Work to be completed
In the copy, keep every line below as it is and leave out the pictures.

Data provided
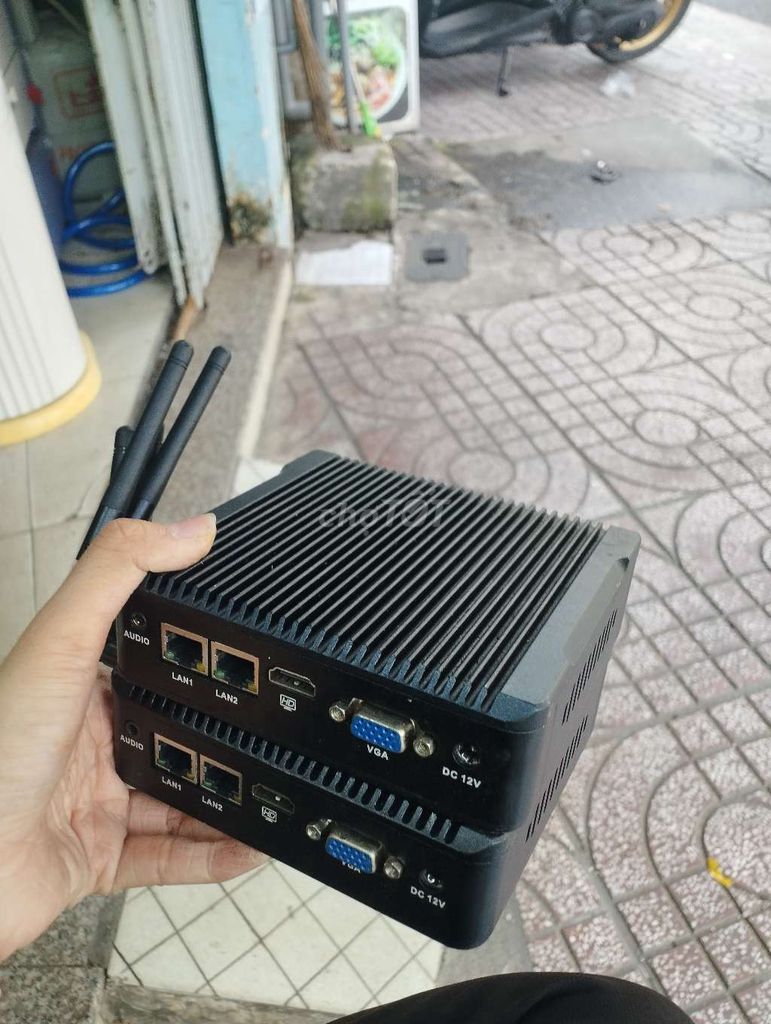 Thiết bị mạng Ibox thanh lý thợ 300k/1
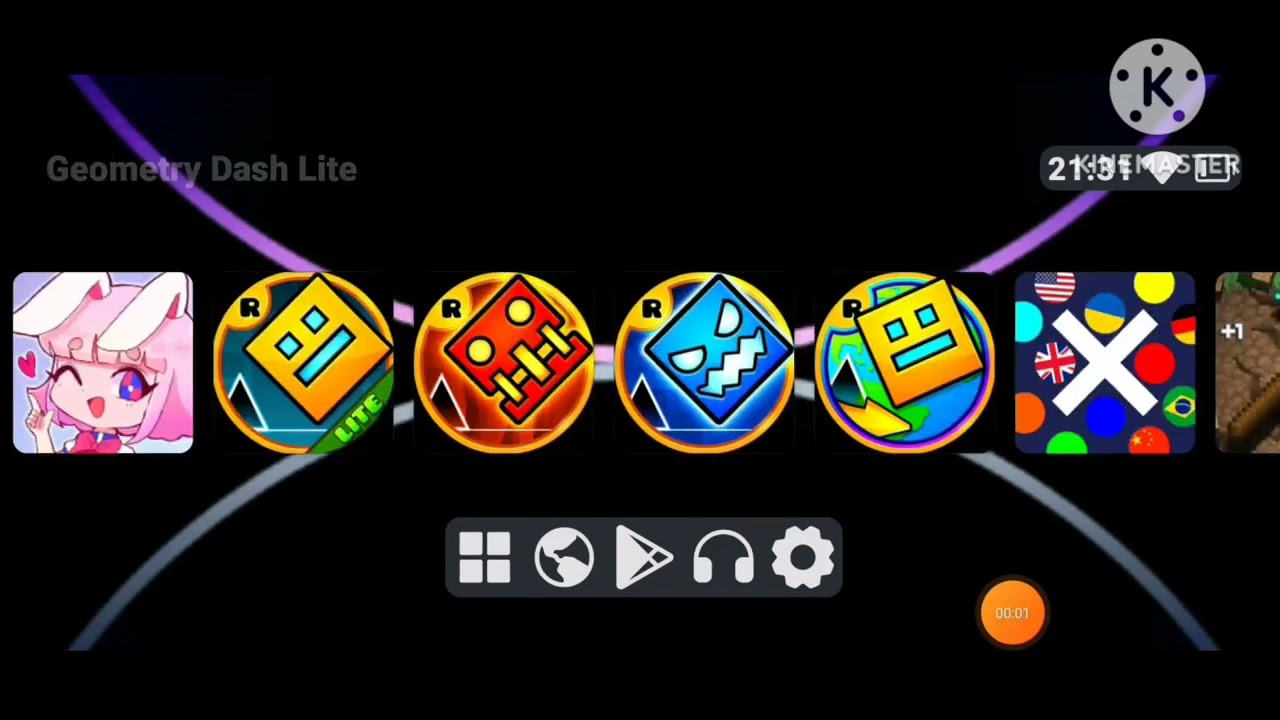 la mejor app para Android se llama console launcher disfruta :)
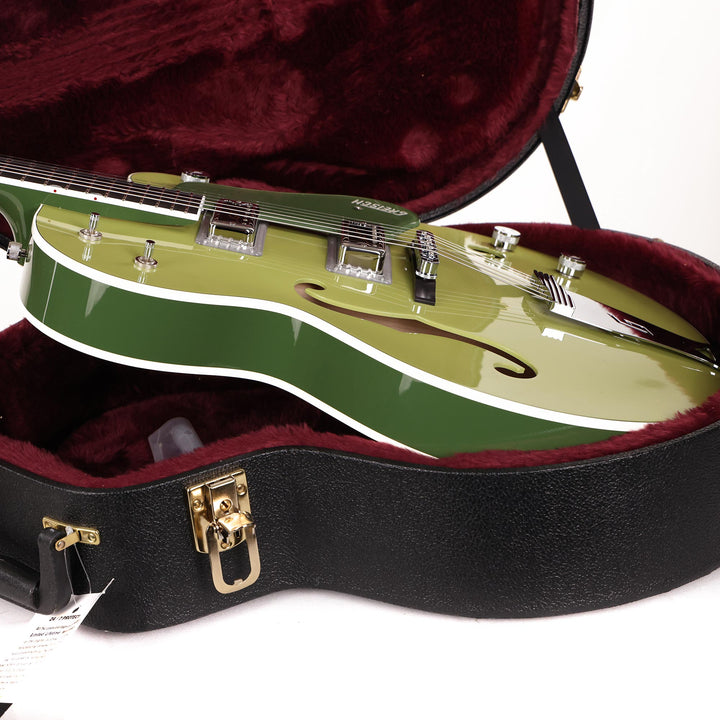 Gretsch G6618-MG Martin Gore Anniversary 2-Tone Smoke Green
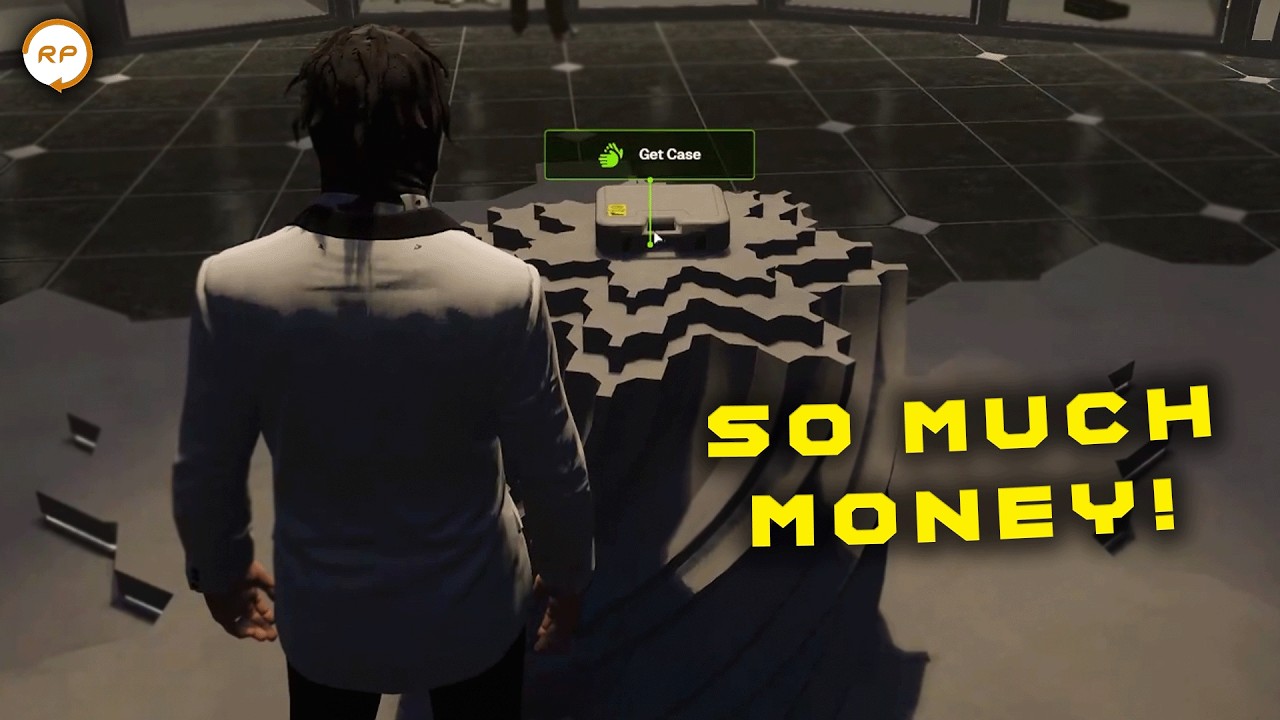 CG Helps ESB Complete The Vault | Prodigy RP | GTA RP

Solved exercise
 Thiết bị mạng Ibox thanh lý thợ 300k/1
 la mejor app para Android se llama console launcher disfruta :)
 Gretsch G6618-MG Martin Gore Anniversary 2-Tone Smoke Green
 CG Helps ESB Complete The Vault | Prodigy RP | GTA RP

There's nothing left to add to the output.